Working with Iris Auditing
Iris Auditing automatically reviews privileged SSH and RDP recordings with computer vision and large language model (LLM) analytics. It turns hours of video into a searchable audit trail, pinpointing elevated commands and risky behavior so PAM, security and audit teams can find answers in seconds.
Session Recording Data and Analysis
The Session Recording page lists every captured session, live or completed and shows which ones have already been analyzed by Iris Auditing. Recordings and analysis are based on three synchronized data streams:
-
Visual frame OCR – High resolution screen shots processed with OCR to read on-screen text (commands, output, file paths, SQL queries, etc.)
-
Keystroke log – Time stamped command input with window focused context
-
Process trace – Background processes spawned during the session for full situational awareness.
Analyzed Sessions
See Delinea Auditing Powered by Iris AI for details regarding analyzing a session.
For analyzed sessions, you’ll see AI-generated labels, and a one paragraph summary. A label filter lets you instantly surface sessions containing specific actions (e.g., Privilege Elevation or IAM).

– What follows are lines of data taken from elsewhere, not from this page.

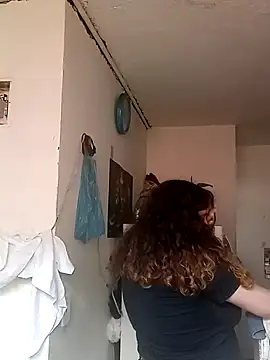 Snapshot of loba9706 chatting on 12-18-24, 03:44 loba9706 online show from 12-18-24, 03:44
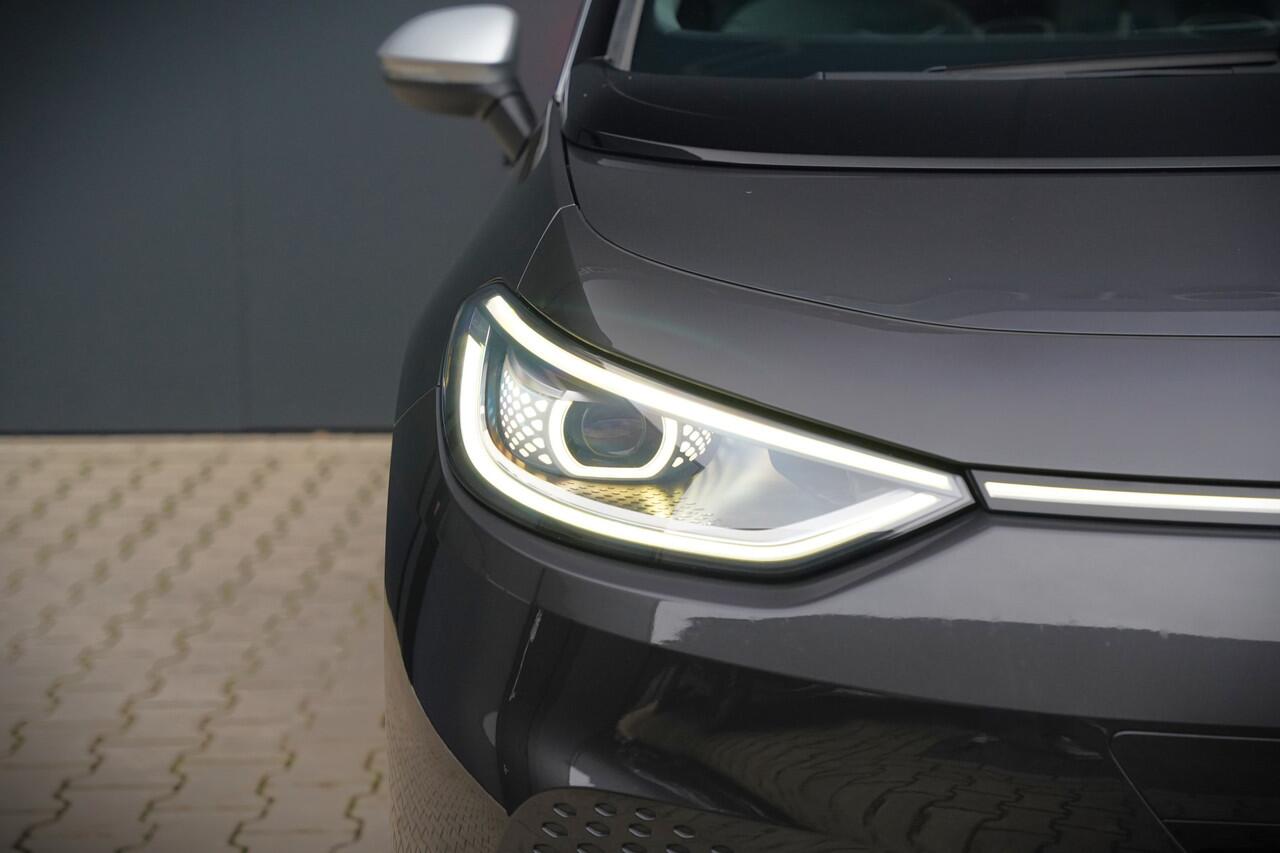 Volkswagen ID.3 First Plus 58 kWh | Stoelverwarming | Stuurverwarming | Camera | Adaptive Cruise Control | Navigatie | Standkachel | Keyless | Parkeersensoren | LED | Apple Carplay | BTW |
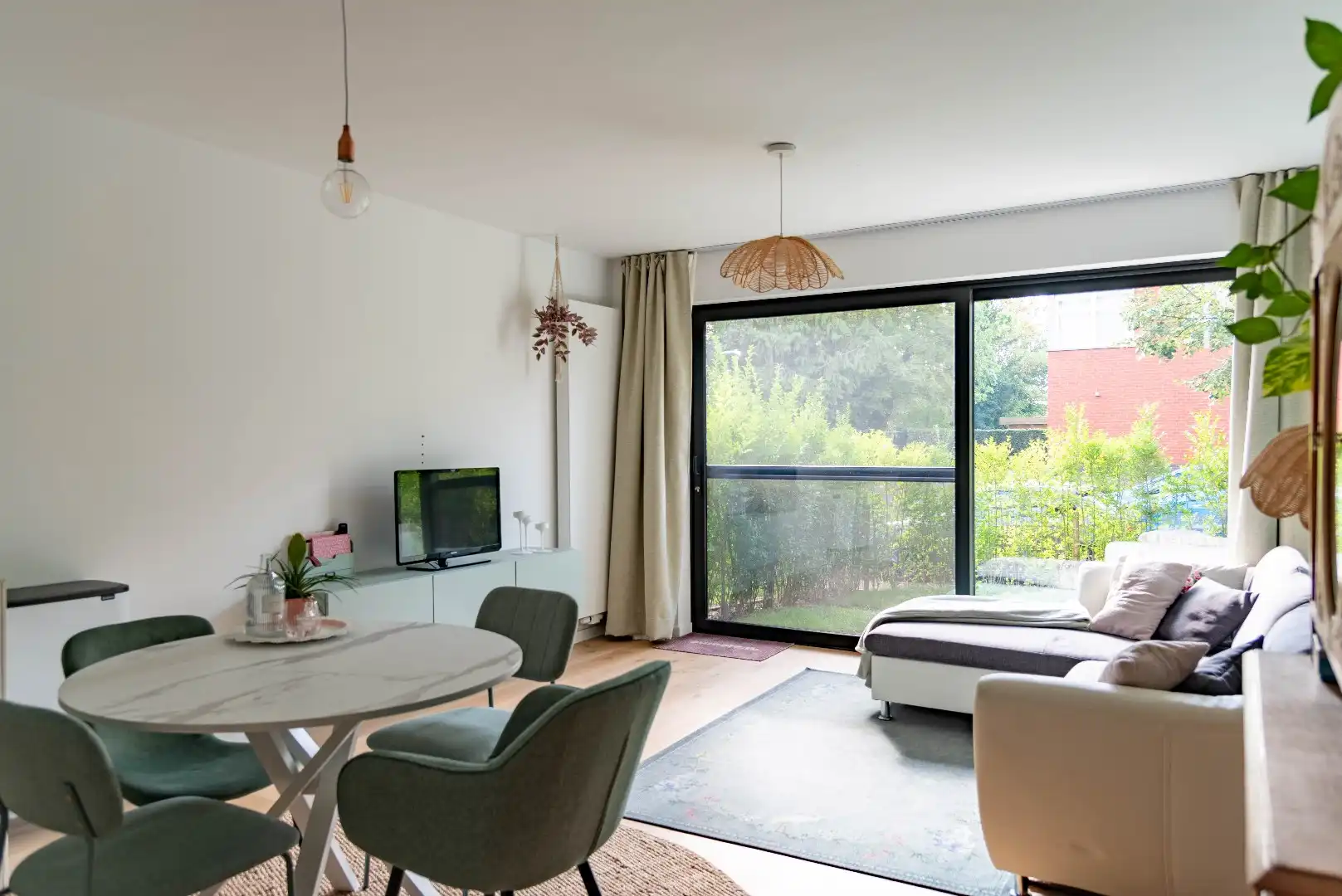 Luxueus en energiezuinig gelijkvloers met 2 slk, tuin én terras foto 3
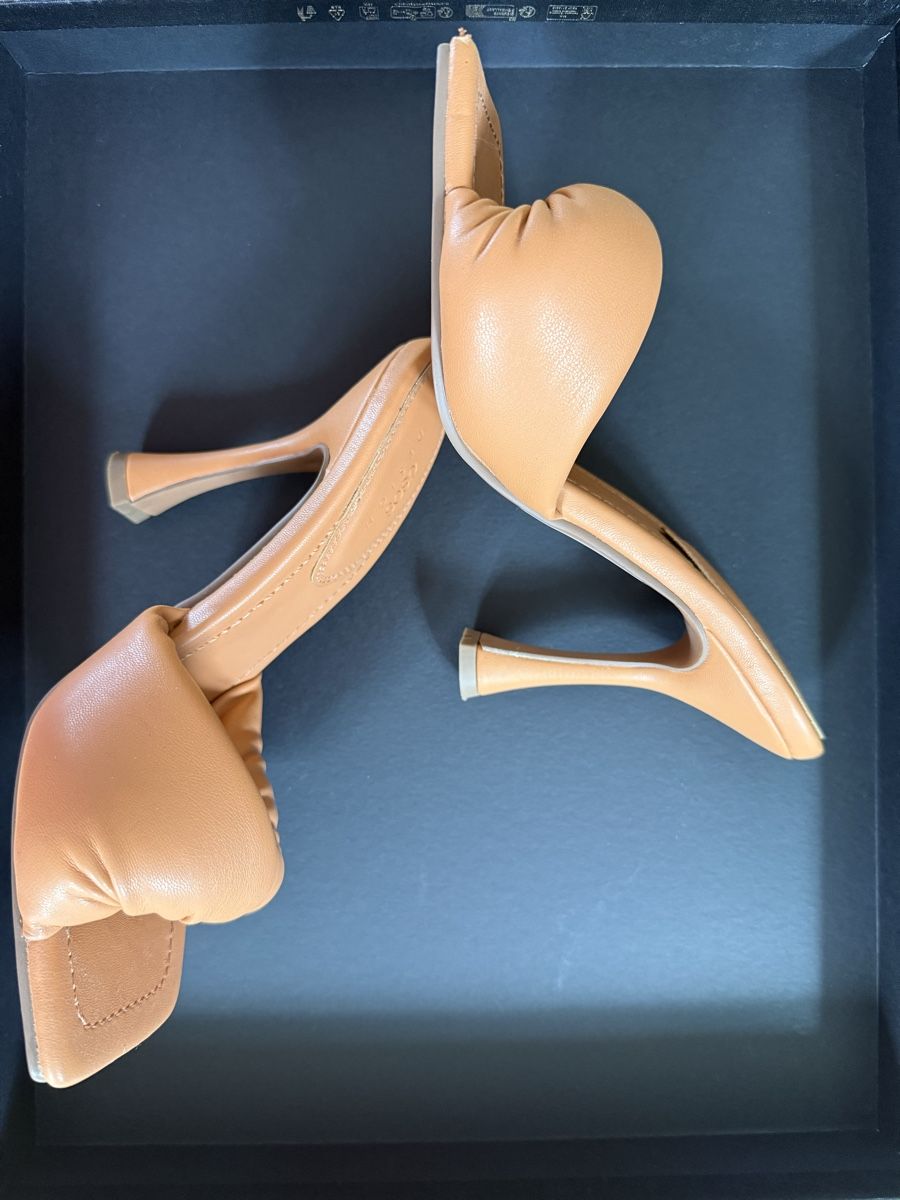 Damenschuhe: BOTTEGA VENETA STYLE MULES 37 – Gebraucht aus Baden von agora_newgeneration 3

| Label (Iris Auditing) | Description |
|---|---|
| Administrative | Manage system settings or user roles |
| Authentication | Handle user log in, log out, or credential |
| Backup & Restore |
Back up data or trigger restores |
|
Cloud & Remote Services |
Connect to or administer cloud/remote systems |
|
Data Analysis & Visualization |
Inspect logs or metrics; generate on-screen reports |
|
Development & Compilation |
Build code or privileged scripts |
|
File Operations & Transfer |
Copy, move, delete, or sync files |
|
File Directory Management |
Create, rename, or protect folders; set permissions |
|
IAM |
Provision, modify, or revoke identities and roles |
|
Logging & Auditing |
Read or export security logs |
|
Network Ops & Connectivity |
Configure networks or monitor traffic |
|
Package Management |
Install, update, or remove software packages |
|
Performance Optimization |
Tune system or application performance |
|
Privilege Elevation |
Gain or monitor elevated privileges (e.g., sudo) |
|
SSH Key Management |
Create, rotate, or distribute SSH keys |
|
Security & Encryption |
Configure security controls or encryption |
|
Shell & Script Operations |
Execute or automate shell scripts |
|
Software Build & CI/CD |
Deploy or manage CI/CD pipelines |
|
Storage & Disk Management |
Manage disks, volumes, or storage pools |
|
Suspicious |
Match known attack patterns or risky behavior |
|
System Info & Monitoring |
Gather system-health or status data |
|
System Mgmt & Configuration |
Configure services or OS settings |
|
Text Processing & Search |
Search or manipulate text/log files |
|
Troubleshooting & Diagnostics |
Diagnose and resolve issues |
|
Virtualization & Containers |
Manage VMs, containers, or orchestrators |
Configuring Iris Auditing Automatic Processing
You can configure Iris Auditing to automatically analyze sessions based on predefined policies.
To create an automated analysis policy:
-
From the left navigation, select Policies → Create policy.
-
Select Iris Auditing Analysis as the policy type, then click Select template.
The template provides for the following policy options.
Subjects Defines which sessions to analyze based on the user who initiated the session.
Targets Allows selection of specific computers, servers, or collections to analyze sessions based on the session target
Conditions (Optional) Sets time-based conditions such as date range, day of the week, or time of day to control when analysis occurs
Once the policy is created, Iris Auditing will automatically analyze any session that matches the defined criteria.
Tracking Iris Auditing Consumption
To track your Iris Auditing usage and remaining hours:
From the left navigation, select Marketplace → Subscriptions.
Select AI-Driven Auditing. The following information is provided:
-
Status: Indicates whether the subscription is active
-
Allocated: Shows how many Iris Auditing hours are allocated and how many have been used
Once the allocated hours are fully consumed, Iris Auditing will stop analyzing new sessions.